Given data:
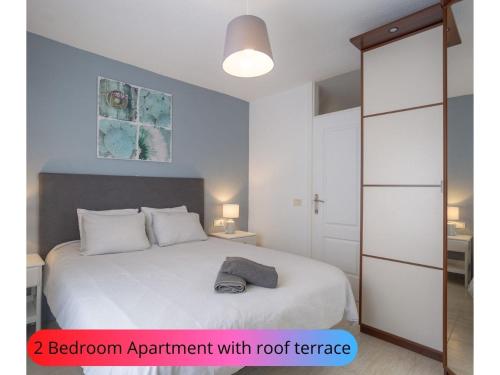 Cama o camas de una habitación en Desirable Rooftop Terrace , 2 Bedroom apartment with WiFi by Aqua Vista Tenerife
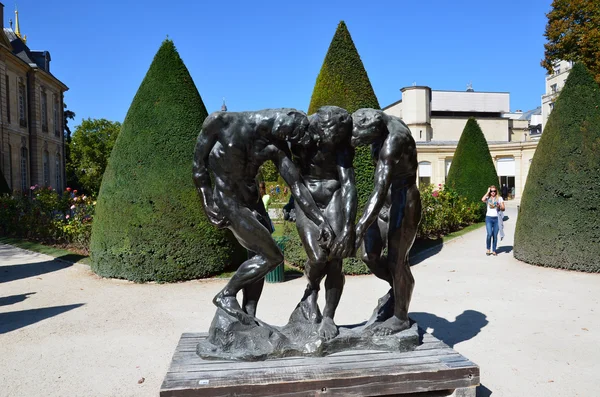 Paris - Museum Rodin. Skulptur av de tre nyanser inspirerade med gudomliga komedin av Dante — Stockfoto
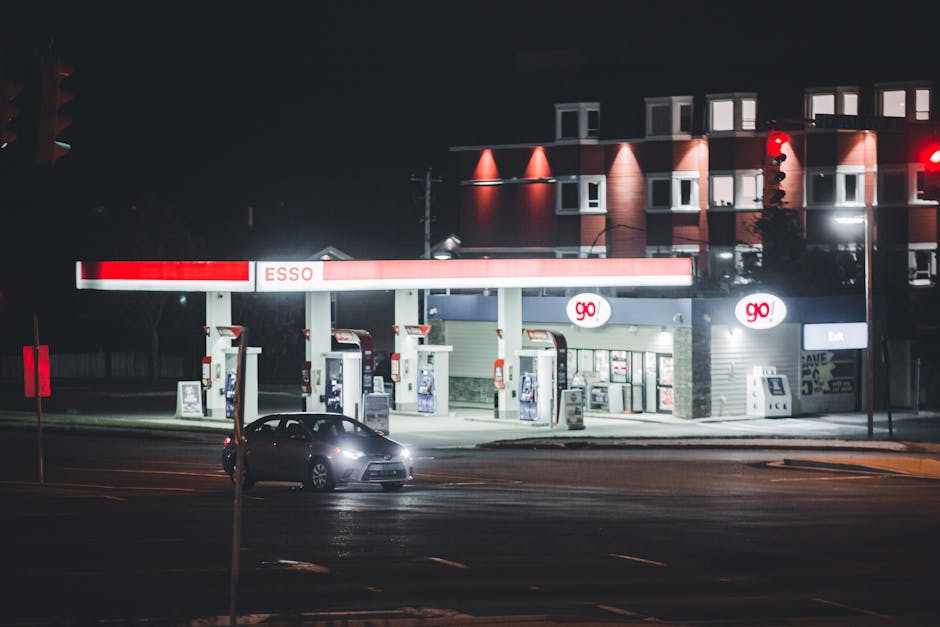 How Movements in Oil Reach Your Gas Pump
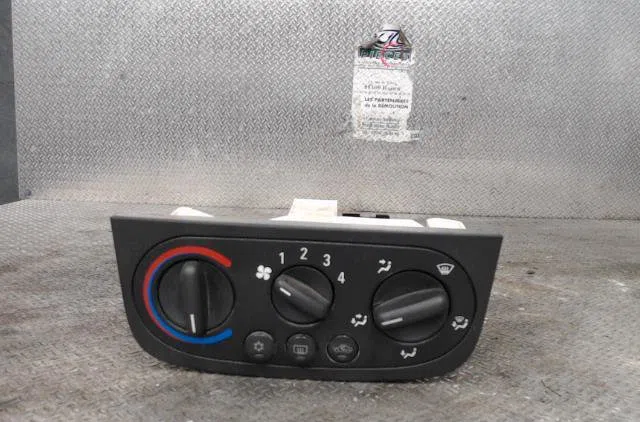 Commande de chauffage Opel COMBO Camionnette-Monospace 1.3 cdti 16v (2005-2012) occasion — photo 2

Task brief:
Where the line containing "Paris - Museum" appears, begin writing out the lines exactly, and continue through the end of the material above, omitting pictures.

Task result:
 Paris - Museum Rodin. Skulptur av de tre nyanser inspirerade med gudomliga komedin av Dante — Stockfoto
 How Movements in Oil Reach Your Gas Pump
 Commande de chauffage Opel COMBO Camionnette-Monospace 1.3 cdti 16v (2005-2012) occasion — photo 2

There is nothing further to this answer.